Expect, too, Slovenia to be leading the charge. One look at a European map and you will understand why. The first breakaway Republic from the former Yugoslavia borders both Austria and Italy, and makes wines similar in style to each. You’ll find acclaimed dessert wines in Podravje in the mountainous districts to the north, and Pinot Gris in increasing abundance in Primorska, the coastal area on the west of Slovenia. (I’m not sure what you find from Posavje, Slovenia’s third wine terriory, except perhaps bulk wine for domestic consumption: the Slovenians are the fourth-heaviest wine drinkers in the world.)

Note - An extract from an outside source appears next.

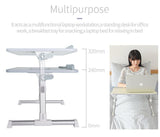 Adjustable Laptop Table, Portable Standing Bed Desk, Foldable Sofa Breakfast Tray, Notebook Stand Reading Holder for Couch Floor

You’ll also find some Malvasia. At least we did. The Malvasia grape is common throughout much of Italy, but while it’s often the major component of wines from Friuli, which borders Slovenia, it’s rarely marketed under its own name. All the more reason to hail this wine from Koper, a sub-region of Primorska, which borders the very eastern edge of Italy and includes some of the Adriatic coast line. The color in the glass of the Santomas Koper Malvasia 2004 was so golden that I almost suspected oxidation, but as a subtle nose of orange blossom and spring flowers wafted upwards, I knew the hue was more a mark of solid weight than old age. The tint and the aroma got me thinking of Marsanne and Roussanne more so than Italian or Austrian white wines, and that hunch was confirmed as the wine hunkered down in the mouth with very little acidity on the attack and not much of a lingering finish, preferring to show off in the middle (palate) its plump, curvy, slightly oily and overall generous body.
If you thought I was imagining a female figure as I typed that last line, you were right. Wine often lends itself to somewhat sexual images of the human form; I liken this Malvasia to a late afternoon roll in the hay with a young, giving, buxom maiden. Such encounters are often short-lived. And in the case of the Santomas, the attraction had faded by the second night, as what little acidity ever existed completely disappeared and the wine fell apart. But it was a sensual experience while it lasted. My wife can verify as much.